According to the company’s website, the breach impacts up to 7.8 million postpaid subscribers, 850,000 prepaid users, and “just over” 40 million previous or potential consumers who have applied for credit with T-Mobile.

While no financial information from consumers appears to have been compromised, the stolen personal information includes names, dates of birth, Social Security numbers, and driver’s license numbers for “a subset of current and past postpay customers and prospective T-Mobile customers.”

T Mobile Data Breach

The firm advises all T-Mobile postpaid customers to update the PINs that safeguard their accounts as soon as possible, even though it has no information that those PINs have been hacked. However, the 850,000 prepaid users’ account PINs were hacked, and T-Mobile stated it has unilaterally changed those PINs as a security measure.

Unfortunately, dealing with data breaches is nothing new for the firm — or its consumers.

For those keeping track, this is the sixth such incident the wireless carrier has had in the last three years, but according to Allie Mellen, a security and risk analyst at Forrester Research, this is the “worst breach they’ve had so far.”

T-Mobile declined to comment on what other types of data could have been accessed during the breach, how many people had all of their sensitive information stolen, or whether the company has begun notifying affected individuals. Still, it did encourage customers to visit a new webpage designed to help secure those people against “cybersecurity threats.”

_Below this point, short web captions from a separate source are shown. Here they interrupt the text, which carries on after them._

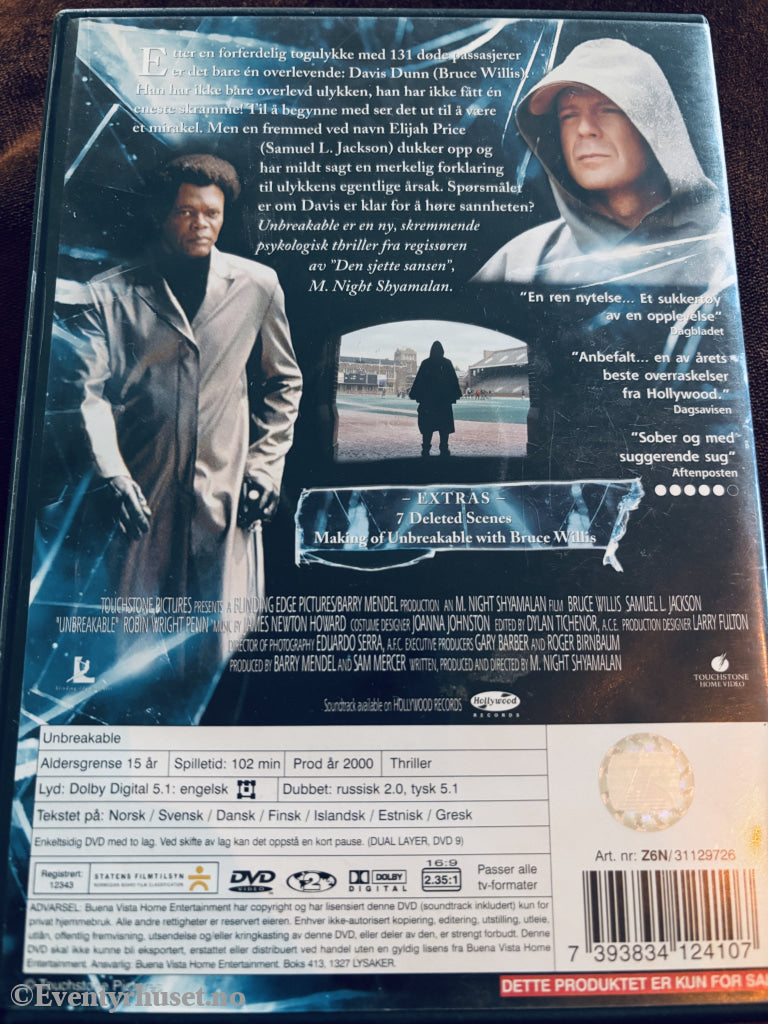 Unbreakable (2000). DVD.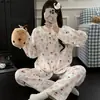Nuevo conjunto de pijama de algodón nube con encaje de oso lindo y moderno para mujer, cárdigan de manga larga de otoño y primavera, ropa de estar de dibujos animados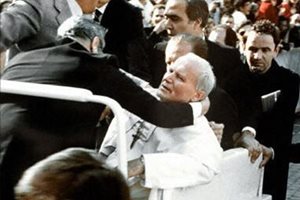 Атентатът срещу папа Йоан Павел II на 13 май 1981 г.
СНИМКА: Уикипедия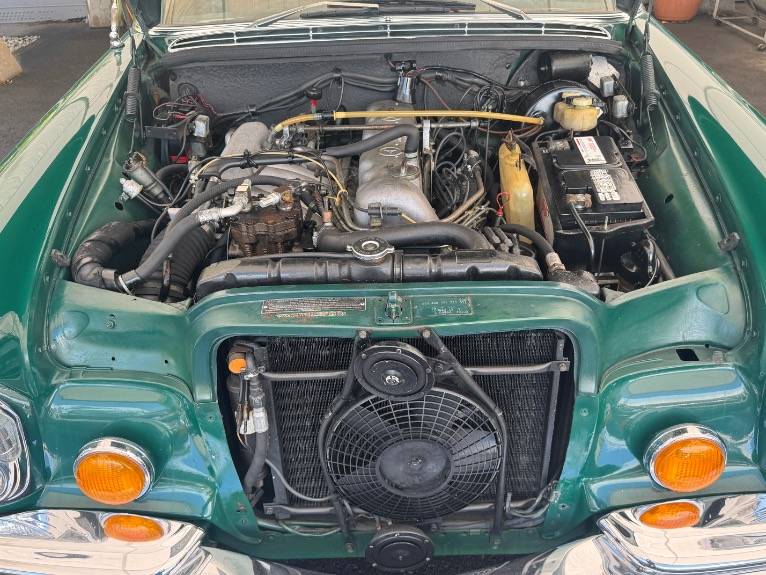 Mercedes-benz-280-class-1972-19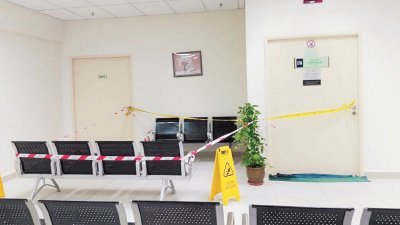 梁永成医生的诊室案发后暂时封锁，以便警方展开调查。事件也造成梁永成医生身体约30%被灼伤。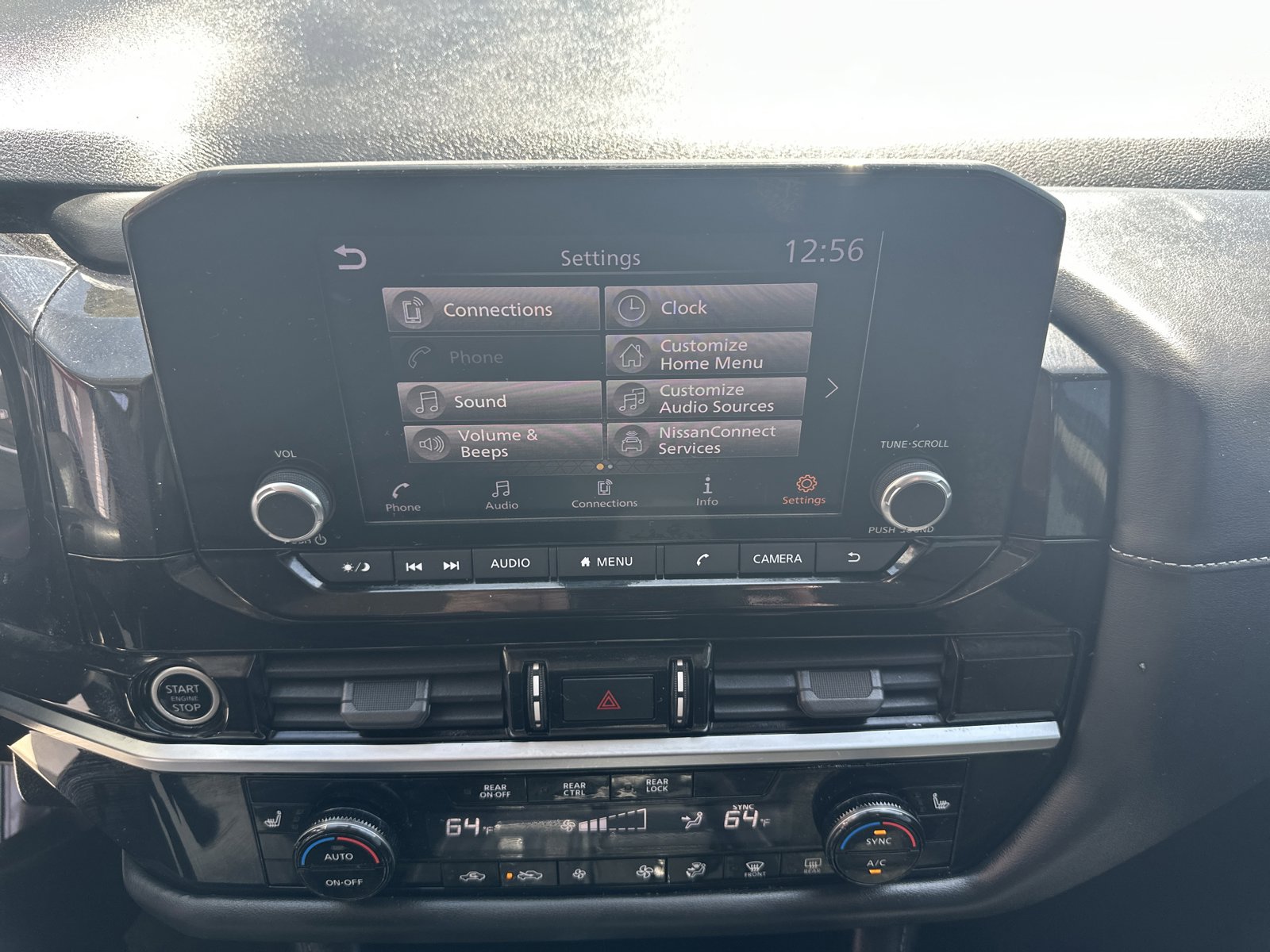 Used 2022 Nissan Pathfinder SV w/ SV Premium Package image 15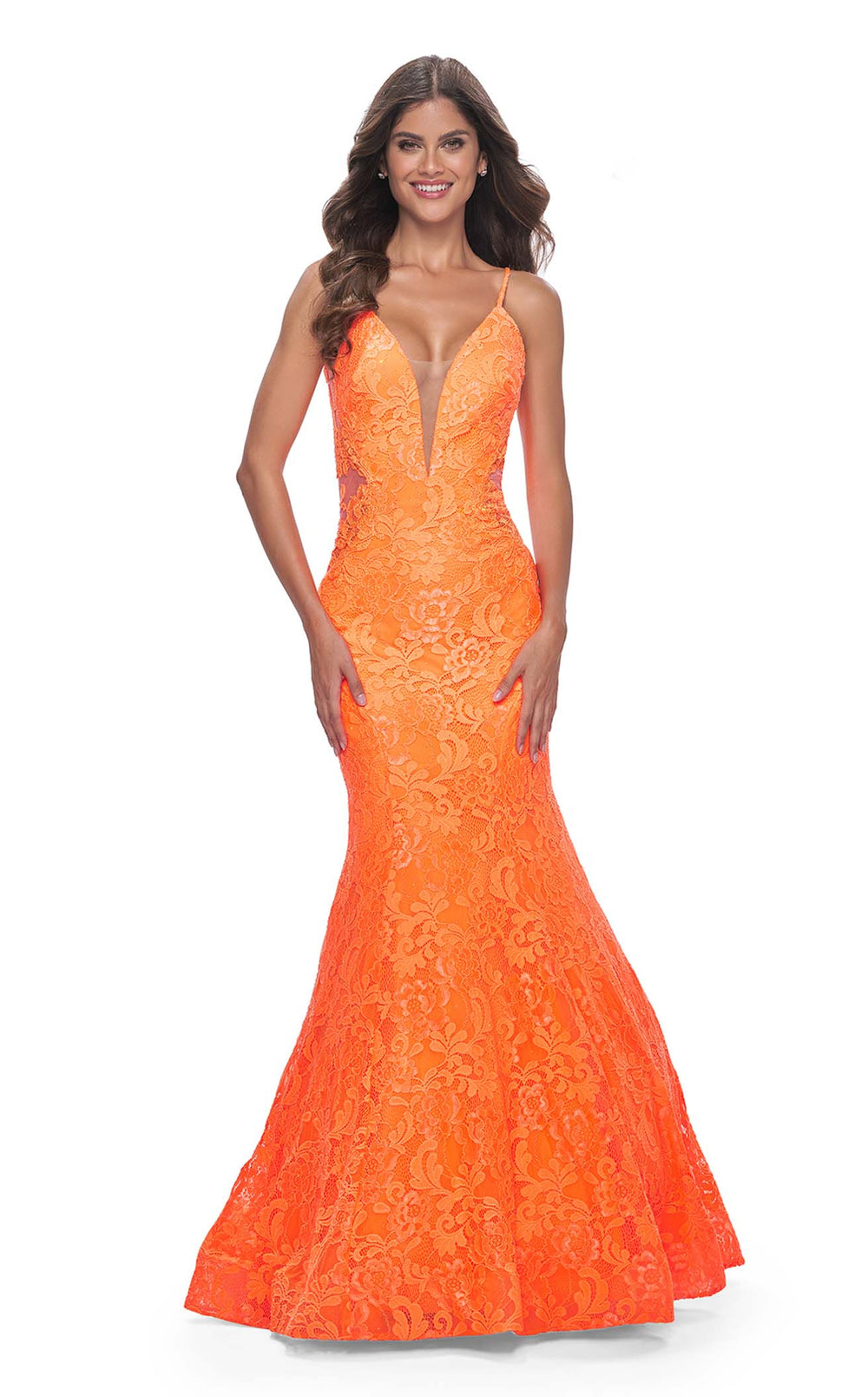 Exquisite La Femme 32314 Dress detail view - VOLAKK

Users of other T-Mobile prepaid brands, including Metro, Boost, and former Sprint prepaid customers, have not had their PINs or identities revealed, according to T-Mobile.

T-Mobile said it would provide affected consumers with two years of free credit monitoring.

The inquiry into the incident began on Sunday after Vice revealed that hackers were selling T-Mobile user data on the dark web. T-Mobile reported a cybersecurity problem on Monday but provided no more details at the time.